While considering the effects of feedstock type on P sorption, manure-based biochars were shown to have a greater P-sorption capacity. High cation-exchange capacity (CEC) values of biochar indicate an ability to sorb cations but not anions. Biochar surfaces are frequently negatively charged, which repels negatively charged ions like P, as shown by Yao, et al. [51] and Lawrinenko and Laird [52]. Therefore, the SSA of the adsorbent and the creation of metal–ion complexes are the primary factors regulating P sorption from aqueous solutions. Comparatively, a higher P sorption of manure-based biochars, despite having a lower surface area, pointed to a different possible mechanism for P sorption, which is that P could precipitate with Ca and Mg. As Ca and Mg were present in relatively higher abundances in manure-based biochars, the precipitation of P by Ca likely occurred in each of them to some extent (Table 3). The presence of Ca in solution could change the P species (i.e., from H₂PO₄⁻ and HPO₄²⁻) to an ion pair (i.e., CaHPO₄⁰ [53]. This ion pair could easily adsorb on a negatively charged surface more so than other negatively charged species, i.e., H₂PO₄⁻ and HPO₄²⁻ [54]. An increase in P sorption due to Ca and Mg has been reported by many studies such as [55], which compared wheat straw, hardwood, and willow wood biochar and found higher P sorption in willow wood biochar because of the presence of 10-times-higher Ca and Mg content. Similar findings were reported by Jung, et al. [56], where peanut shell biochar had a higher level of P removal from water due to higher Ca and Mg content than soybean stover and bamboo wood biochars. Also, Yao, et al. [57] demonstrated that biochars made from sugar beet tailings that had undergone anaerobic digestion had higher phosphate adsorption, which was probably caused by the surface MgO present.

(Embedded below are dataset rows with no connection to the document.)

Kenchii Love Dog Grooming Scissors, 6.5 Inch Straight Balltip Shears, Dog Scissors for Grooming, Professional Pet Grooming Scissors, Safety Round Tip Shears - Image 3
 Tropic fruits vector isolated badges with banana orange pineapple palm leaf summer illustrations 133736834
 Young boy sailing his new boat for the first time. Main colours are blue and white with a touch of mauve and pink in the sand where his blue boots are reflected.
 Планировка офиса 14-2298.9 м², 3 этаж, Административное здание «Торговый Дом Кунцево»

A reversible process of sorption that determines the fate of P is the desorption of P from biochar. The lower binding energy and higher P desorption rate of manure-based biochars compared to plant-based ones confirms more physical adsorption of P on animal biochars. Gong, et al. [58] specified that it is challenging to desorb chemically adsorbed nutrients from the biochar, but physically adsorbed nutrients can readily be desorbed. Similarly, a rise in carbonization temperature reduced the P binding energy of biochar, resulting in a high P desorption rate at 600 °C. These outcomes demonstrate that biochar prepared at 400 °C had a higher P-sorption capacity and a lower desorption rate. Therefore, a temperature of 400 °C is more favorable for producing biochar with a high capacity for P sorption.

5. Conclusions

Our study investigated the sorption and desorption mechanisms of biochar to understand the relationship between sorbed and available P. We found that the properties of biochar were significantly influenced by the type of feedstock used, leading to variations in their capacities for P sorption and desorption. The research findings suggest that biochars derived from manure exhibit higher capacities for both P sorption and desorption when compared to plant-based biochars. The principal mechanism driving P sorption in manure biochars appears to be the precipitation of P with Ca and Mg present in the biochars, whereas plant-based biochars primarily rely on a pore-filling mechanism. Furthermore, our study highlights the significant influence of pyrolysis temperature on biochar characteristics, particularly SSA and functional groups. Biochars produced at a lower carbonization temperature (e.g., 400 °C) exhibit higher SSA and stronger FTIR peaks, resulting in enhanced P-sorption capacity. Therefore, we propose that biochars prepared at 400 °C are more effective for retaining P in agricultural systems. However, it is important to note that while manure-based biochars retain more P, their retention capacity diminishes more quickly compared to plant-based biochars.